Когда из Валок подошли к машине крестьяне и показали на краю деревни братскую могилу, куда они снесли и похоронили всех подобранных на обочине дороги (мы сами этого сделать не успели, спасаясь от подоспевших сюда танков), я ужаснулся от услышанного: оказалось, что селяне погребли в одной яме не только наших бойцов и командиров, но и немецких диверсантов, не разгадав в них врагов…
Не стал я открывать людям правду… Повел Юру к тому месту, где был ранен, показал сохранившуюся «вмятину» — след своего орудийного окопа, близ которого погиб младший политрук Лоб, нашел место одиночной ячейки, где укрывался от гусениц немецких танков.
В последующие годы были еще две поездки по местам боев — на Смоленские возвышенности, на кроваво-памятное место Соловьевской переправы и рубежи наших атак в районе совхоза Зайцево на Вопи.
Ходить по тем местам, где ты много лет назад ползал под огнем врага, где видел смерть и кровь, испытывал страх и надежду, — это значило беспощадно тиранить память, всколыхнуть боль души и в который раз спрашивать себя: как уцелел?

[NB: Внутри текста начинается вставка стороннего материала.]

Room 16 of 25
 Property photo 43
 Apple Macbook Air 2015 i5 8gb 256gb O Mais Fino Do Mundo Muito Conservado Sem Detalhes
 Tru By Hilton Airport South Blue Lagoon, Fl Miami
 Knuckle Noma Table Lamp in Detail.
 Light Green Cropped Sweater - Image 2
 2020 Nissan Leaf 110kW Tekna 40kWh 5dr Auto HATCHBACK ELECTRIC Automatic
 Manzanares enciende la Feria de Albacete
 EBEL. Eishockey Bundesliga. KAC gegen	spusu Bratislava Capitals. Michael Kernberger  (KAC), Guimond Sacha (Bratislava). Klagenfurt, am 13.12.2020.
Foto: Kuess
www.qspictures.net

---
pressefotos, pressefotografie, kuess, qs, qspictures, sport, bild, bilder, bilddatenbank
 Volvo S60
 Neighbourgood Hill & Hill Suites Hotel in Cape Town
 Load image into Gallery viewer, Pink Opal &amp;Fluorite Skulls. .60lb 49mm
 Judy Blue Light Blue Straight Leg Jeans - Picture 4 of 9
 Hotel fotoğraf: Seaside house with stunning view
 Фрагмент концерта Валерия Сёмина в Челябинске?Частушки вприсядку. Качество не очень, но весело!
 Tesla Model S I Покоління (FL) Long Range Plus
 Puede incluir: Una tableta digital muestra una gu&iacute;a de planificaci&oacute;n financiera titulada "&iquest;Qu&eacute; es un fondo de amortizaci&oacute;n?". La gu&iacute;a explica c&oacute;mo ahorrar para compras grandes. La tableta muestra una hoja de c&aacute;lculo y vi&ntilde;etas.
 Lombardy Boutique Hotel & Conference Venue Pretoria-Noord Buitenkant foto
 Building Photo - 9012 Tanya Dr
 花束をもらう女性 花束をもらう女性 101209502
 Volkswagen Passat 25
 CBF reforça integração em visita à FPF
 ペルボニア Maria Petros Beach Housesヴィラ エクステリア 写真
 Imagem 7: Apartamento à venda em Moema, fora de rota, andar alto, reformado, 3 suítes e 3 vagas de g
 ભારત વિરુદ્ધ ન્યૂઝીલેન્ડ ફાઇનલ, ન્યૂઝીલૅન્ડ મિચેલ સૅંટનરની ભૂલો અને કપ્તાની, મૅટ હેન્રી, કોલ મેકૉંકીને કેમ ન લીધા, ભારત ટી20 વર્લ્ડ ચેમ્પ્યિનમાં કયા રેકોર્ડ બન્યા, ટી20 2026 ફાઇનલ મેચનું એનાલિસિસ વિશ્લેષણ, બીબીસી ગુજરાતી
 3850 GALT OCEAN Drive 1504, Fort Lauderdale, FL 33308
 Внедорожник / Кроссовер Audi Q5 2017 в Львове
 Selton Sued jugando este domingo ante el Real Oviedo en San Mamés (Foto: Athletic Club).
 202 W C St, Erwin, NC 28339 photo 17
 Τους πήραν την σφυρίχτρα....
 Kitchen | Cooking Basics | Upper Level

Потом за письменным столом надо вновь цепенеть от ужаса, мысленно видя огненно-ураганный, кровавый лик войны… Вот охватываю мыслью Смоленское сражение… Как рассказать о нем в книге? Как изобразить гигантское пространство, на котором в надсадном грохоте пылала земля с лесами, селами, городишками, колосилась смерть, унося тысячи жизней, вопила боль, душила злоба, ненависть, отчаяние?.. И безнадежность?.. И надежда?.. Как все это передать читателю, раскрыть перед ним смятенную и обуглившуюся душу воина 1941 года?.. Многоликая, сумбурная, очаговая и неохватная картина битвы… Кто и где имел о ней полное представление?.. Никто и нигде… Пока из штаба в штаб, с фронта в Москву шли донесения, пока разведчики и оперативщики рисовали на картах сводную обстановку на Смоленских и Духовщинских высотах, она, обстановка, уже была другой… Требовались новые решения… Их принимали главным образом там, на местах боев, — каждый солдат и командир переднего края.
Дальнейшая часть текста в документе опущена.